TASK DESCRIPTION: Each line of the data should be duplicated precisely.

INPUT:
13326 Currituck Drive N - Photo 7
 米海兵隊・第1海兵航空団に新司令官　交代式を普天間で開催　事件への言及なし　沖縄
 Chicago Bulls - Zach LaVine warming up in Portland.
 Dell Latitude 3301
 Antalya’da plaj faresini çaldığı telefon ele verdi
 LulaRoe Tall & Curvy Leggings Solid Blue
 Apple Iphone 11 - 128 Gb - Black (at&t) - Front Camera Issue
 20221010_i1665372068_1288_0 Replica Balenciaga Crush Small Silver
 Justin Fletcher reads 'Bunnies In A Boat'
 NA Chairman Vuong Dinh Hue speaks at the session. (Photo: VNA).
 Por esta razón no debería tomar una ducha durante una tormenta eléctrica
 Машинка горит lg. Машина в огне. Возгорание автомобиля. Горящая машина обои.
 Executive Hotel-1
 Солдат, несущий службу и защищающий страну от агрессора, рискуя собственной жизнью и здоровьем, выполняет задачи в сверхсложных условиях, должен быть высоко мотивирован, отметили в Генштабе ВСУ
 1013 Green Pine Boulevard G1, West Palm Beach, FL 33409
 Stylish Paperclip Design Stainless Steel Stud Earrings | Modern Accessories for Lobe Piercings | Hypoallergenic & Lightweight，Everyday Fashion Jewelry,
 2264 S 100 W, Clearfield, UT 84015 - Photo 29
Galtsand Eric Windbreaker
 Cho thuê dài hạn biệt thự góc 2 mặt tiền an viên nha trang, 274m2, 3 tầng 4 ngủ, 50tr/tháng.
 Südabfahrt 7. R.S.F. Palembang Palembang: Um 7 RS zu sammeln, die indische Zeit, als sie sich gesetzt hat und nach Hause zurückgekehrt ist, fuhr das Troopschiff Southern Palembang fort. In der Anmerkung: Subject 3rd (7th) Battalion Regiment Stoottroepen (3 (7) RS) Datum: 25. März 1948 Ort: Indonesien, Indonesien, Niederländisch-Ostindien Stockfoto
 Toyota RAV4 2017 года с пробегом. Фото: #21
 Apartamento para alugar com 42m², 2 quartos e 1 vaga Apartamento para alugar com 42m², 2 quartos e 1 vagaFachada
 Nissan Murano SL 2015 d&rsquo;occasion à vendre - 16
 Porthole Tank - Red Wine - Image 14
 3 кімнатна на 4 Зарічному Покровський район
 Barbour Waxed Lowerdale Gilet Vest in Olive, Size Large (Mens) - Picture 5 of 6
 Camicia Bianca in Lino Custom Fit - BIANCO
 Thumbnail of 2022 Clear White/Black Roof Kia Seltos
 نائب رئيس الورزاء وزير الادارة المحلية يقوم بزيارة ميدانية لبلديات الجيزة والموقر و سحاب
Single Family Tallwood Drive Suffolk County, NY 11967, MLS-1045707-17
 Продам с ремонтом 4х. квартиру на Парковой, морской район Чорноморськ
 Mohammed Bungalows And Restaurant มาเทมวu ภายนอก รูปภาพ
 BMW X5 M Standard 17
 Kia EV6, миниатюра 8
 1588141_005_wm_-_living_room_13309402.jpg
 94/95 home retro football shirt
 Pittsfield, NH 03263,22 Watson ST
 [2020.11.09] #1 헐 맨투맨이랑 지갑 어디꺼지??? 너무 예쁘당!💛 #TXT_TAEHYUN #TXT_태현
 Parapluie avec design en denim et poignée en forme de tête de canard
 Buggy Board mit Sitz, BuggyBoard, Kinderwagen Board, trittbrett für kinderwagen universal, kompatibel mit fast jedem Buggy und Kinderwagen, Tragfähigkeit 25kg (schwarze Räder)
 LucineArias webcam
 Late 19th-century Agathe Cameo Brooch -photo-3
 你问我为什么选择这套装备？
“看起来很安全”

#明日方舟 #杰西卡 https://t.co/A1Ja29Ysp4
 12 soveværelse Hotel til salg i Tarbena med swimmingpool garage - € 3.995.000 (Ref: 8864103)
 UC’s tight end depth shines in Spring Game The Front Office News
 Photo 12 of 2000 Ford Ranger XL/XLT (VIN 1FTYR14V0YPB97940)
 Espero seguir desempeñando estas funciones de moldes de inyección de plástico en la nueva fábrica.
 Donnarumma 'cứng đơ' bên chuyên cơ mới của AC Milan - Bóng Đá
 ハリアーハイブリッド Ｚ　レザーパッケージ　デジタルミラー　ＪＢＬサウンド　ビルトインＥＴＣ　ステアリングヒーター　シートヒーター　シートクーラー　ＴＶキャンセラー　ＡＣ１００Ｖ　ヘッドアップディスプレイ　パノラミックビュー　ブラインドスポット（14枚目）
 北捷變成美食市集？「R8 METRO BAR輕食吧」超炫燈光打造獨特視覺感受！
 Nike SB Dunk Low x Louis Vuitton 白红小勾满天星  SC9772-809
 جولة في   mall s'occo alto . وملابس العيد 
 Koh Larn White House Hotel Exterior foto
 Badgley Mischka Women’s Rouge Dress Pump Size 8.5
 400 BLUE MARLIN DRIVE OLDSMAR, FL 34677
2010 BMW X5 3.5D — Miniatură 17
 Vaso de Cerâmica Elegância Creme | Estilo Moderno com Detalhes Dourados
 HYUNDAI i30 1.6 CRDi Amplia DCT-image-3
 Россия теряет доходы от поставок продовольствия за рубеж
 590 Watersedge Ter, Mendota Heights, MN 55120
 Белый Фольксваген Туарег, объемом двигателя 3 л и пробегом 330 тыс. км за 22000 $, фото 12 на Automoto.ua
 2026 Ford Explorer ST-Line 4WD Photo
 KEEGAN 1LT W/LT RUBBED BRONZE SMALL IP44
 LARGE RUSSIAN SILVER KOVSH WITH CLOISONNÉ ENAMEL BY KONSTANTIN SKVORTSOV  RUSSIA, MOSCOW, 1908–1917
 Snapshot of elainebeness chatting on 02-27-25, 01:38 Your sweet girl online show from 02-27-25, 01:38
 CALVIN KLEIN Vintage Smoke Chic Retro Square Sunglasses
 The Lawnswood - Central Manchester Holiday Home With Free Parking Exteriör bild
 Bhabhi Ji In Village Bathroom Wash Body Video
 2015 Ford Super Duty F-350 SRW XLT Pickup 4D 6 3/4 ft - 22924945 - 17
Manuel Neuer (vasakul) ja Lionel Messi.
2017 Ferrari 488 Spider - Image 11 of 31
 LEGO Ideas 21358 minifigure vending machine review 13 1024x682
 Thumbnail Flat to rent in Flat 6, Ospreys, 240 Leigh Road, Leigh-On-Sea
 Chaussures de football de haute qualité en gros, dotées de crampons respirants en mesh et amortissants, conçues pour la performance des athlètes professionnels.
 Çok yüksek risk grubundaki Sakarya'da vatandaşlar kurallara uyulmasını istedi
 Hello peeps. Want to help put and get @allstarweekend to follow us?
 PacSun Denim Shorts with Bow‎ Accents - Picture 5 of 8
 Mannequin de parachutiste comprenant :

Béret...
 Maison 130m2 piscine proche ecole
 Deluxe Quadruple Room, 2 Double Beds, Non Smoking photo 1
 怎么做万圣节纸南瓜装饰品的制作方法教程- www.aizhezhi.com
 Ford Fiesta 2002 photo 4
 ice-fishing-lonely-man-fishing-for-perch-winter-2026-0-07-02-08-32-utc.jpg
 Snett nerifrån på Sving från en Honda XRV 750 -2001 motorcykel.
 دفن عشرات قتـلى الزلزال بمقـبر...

ANSWER SECTION:
13326 Currituck Drive N - Photo 7
 米海兵隊・第1海兵航空団に新司令官　交代式を普天間で開催　事件への言及なし　沖縄
 Chicago Bulls - Zach LaVine warming up in Portland.
 Dell Latitude 3301
 Antalya’da plaj faresini çaldığı telefon ele verdi
 LulaRoe Tall & Curvy Leggings Solid Blue
 Apple Iphone 11 - 128 Gb - Black (at&t) - Front Camera Issue
 20221010_i1665372068_1288_0 Replica Balenciaga Crush Small Silver
 Justin Fletcher reads 'Bunnies In A Boat'
 NA Chairman Vuong Dinh Hue speaks at the session. (Photo: VNA).
 Por esta razón no debería tomar una ducha durante una tormenta eléctrica
 Машинка горит lg. Машина в огне. Возгорание автомобиля. Горящая машина обои.
 Executive Hotel-1
 Солдат, несущий службу и защищающий страну от агрессора, рискуя собственной жизнью и здоровьем, выполняет задачи в сверхсложных условиях, должен быть высоко мотивирован, отметили в Генштабе ВСУ
 1013 Green Pine Boulevard G1, West Palm Beach, FL 33409
 Stylish Paperclip Design Stainless Steel Stud Earrings | Modern Accessories for Lobe Piercings | Hypoallergenic & Lightweight，Everyday Fashion Jewelry,
 2264 S 100 W, Clearfield, UT 84015 - Photo 29
Galtsand Eric Windbreaker
 Cho thuê dài hạn biệt thự góc 2 mặt tiền an viên nha trang, 274m2, 3 tầng 4 ngủ, 50tr/tháng.
 Südabfahrt 7. R.S.F. Palembang Palembang: Um 7 RS zu sammeln, die indische Zeit, als sie sich gesetzt hat und nach Hause zurückgekehrt ist, fuhr das Troopschiff Southern Palembang fort. In der Anmerkung: Subject 3rd (7th) Battalion Regiment Stoottroepen (3 (7) RS) Datum: 25. März 1948 Ort: Indonesien, Indonesien, Niederländisch-Ostindien Stockfoto
 Toyota RAV4 2017 года с пробегом. Фото: #21
 Apartamento para alugar com 42m², 2 quartos e 1 vaga Apartamento para alugar com 42m², 2 quartos e 1 vagaFachada
 Nissan Murano SL 2015 d&rsquo;occasion à vendre - 16
 Porthole Tank - Red Wine - Image 14
 3 кімнатна на 4 Зарічному Покровський район
 Barbour Waxed Lowerdale Gilet Vest in Olive, Size Large (Mens) - Picture 5 of 6
 Camicia Bianca in Lino Custom Fit - BIANCO
 Thumbnail of 2022 Clear White/Black Roof Kia Seltos
 نائب رئيس الورزاء وزير الادارة المحلية يقوم بزيارة ميدانية لبلديات الجيزة والموقر و سحاب
Single Family Tallwood Drive Suffolk County, NY 11967, MLS-1045707-17
 Продам с ремонтом 4х. квартиру на Парковой, морской район Чорноморськ
 Mohammed Bungalows And Restaurant มาเทมวu ภายนอก รูปภาพ
 BMW X5 M Standard 17
 Kia EV6, миниатюра 8
 1588141_005_wm_-_living_room_13309402.jpg
 94/95 home retro football shirt
 Pittsfield, NH 03263,22 Watson ST
 [2020.11.09] #1 헐 맨투맨이랑 지갑 어디꺼지??? 너무 예쁘당!💛 #TXT_TAEHYUN #TXT_태현
 Parapluie avec design en denim et poignée en forme de tête de canard
 Buggy Board mit Sitz, BuggyBoard, Kinderwagen Board, trittbrett für kinderwagen universal, kompatibel mit fast jedem Buggy und Kinderwagen, Tragfähigkeit 25kg (schwarze Räder)
 LucineArias webcam
 Late 19th-century Agathe Cameo Brooch -photo-3
 你问我为什么选择这套装备？
“看起来很安全”

#明日方舟 #杰西卡 https://t.co/A1Ja29Ysp4
 12 soveværelse Hotel til salg i Tarbena med swimmingpool garage - € 3.995.000 (Ref: 8864103)
 UC’s tight end depth shines in Spring Game The Front Office News
 Photo 12 of 2000 Ford Ranger XL/XLT (VIN 1FTYR14V0YPB97940)
 Espero seguir desempeñando estas funciones de moldes de inyección de plástico en la nueva fábrica.
 Donnarumma 'cứng đơ' bên chuyên cơ mới của AC Milan - Bóng Đá
 ハリアーハイブリッド Ｚ　レザーパッケージ　デジタルミラー　ＪＢＬサウンド　ビルトインＥＴＣ　ステアリングヒーター　シートヒーター　シートクーラー　ＴＶキャンセラー　ＡＣ１００Ｖ　ヘッドアップディスプレイ　パノラミックビュー　ブラインドスポット（14枚目）
 北捷變成美食市集？「R8 METRO BAR輕食吧」超炫燈光打造獨特視覺感受！
 Nike SB Dunk Low x Louis Vuitton 白红小勾满天星  SC9772-809
 جولة في   mall s'occo alto . وملابس العيد 
 Koh Larn White House Hotel Exterior foto
 Badgley Mischka Women’s Rouge Dress Pump Size 8.5
 400 BLUE MARLIN DRIVE OLDSMAR, FL 34677
2010 BMW X5 3.5D — Miniatură 17
 Vaso de Cerâmica Elegância Creme | Estilo Moderno com Detalhes Dourados
 HYUNDAI i30 1.6 CRDi Amplia DCT-image-3
 Россия теряет доходы от поставок продовольствия за рубеж
 590 Watersedge Ter, Mendota Heights, MN 55120
 Белый Фольксваген Туарег, объемом двигателя 3 л и пробегом 330 тыс. км за 22000 $, фото 12 на Automoto.ua
 2026 Ford Explorer ST-Line 4WD Photo
 KEEGAN 1LT W/LT RUBBED BRONZE SMALL IP44
 LARGE RUSSIAN SILVER KOVSH WITH CLOISONNÉ ENAMEL BY KONSTANTIN SKVORTSOV  RUSSIA, MOSCOW, 1908–1917
 Snapshot of elainebeness chatting on 02-27-25, 01:38 Your sweet girl online show from 02-27-25, 01:38
 CALVIN KLEIN Vintage Smoke Chic Retro Square Sunglasses
 The Lawnswood - Central Manchester Holiday Home With Free Parking Exteriör bild
 Bhabhi Ji In Village Bathroom Wash Body Video
 2015 Ford Super Duty F-350 SRW XLT Pickup 4D 6 3/4 ft - 22924945 - 17
Manuel Neuer (vasakul) ja Lionel Messi.
2017 Ferrari 488 Spider - Image 11 of 31
 LEGO Ideas 21358 minifigure vending machine review 13 1024x682
 Thumbnail Flat to rent in Flat 6, Ospreys, 240 Leigh Road, Leigh-On-Sea
 Chaussures de football de haute qualité en gros, dotées de crampons respirants en mesh et amortissants, conçues pour la performance des athlètes professionnels.
 Çok yüksek risk grubundaki Sakarya'da vatandaşlar kurallara uyulmasını istedi
 Hello peeps. Want to help put and get @allstarweekend to follow us?
 PacSun Denim Shorts with Bow‎ Accents - Picture 5 of 8
 Mannequin de parachutiste comprenant :

Béret...
 Maison 130m2 piscine proche ecole
 Deluxe Quadruple Room, 2 Double Beds, Non Smoking photo 1
 怎么做万圣节纸南瓜装饰品的制作方法教程- www.aizhezhi.com
 Ford Fiesta 2002 photo 4
 ice-fishing-lonely-man-fishing-for-perch-winter-2026-0-07-02-08-32-utc.jpg
 Snett nerifrån på Sving från en Honda XRV 750 -2001 motorcykel.
 دفن عشرات قتـلى الزلزال بمقـبر...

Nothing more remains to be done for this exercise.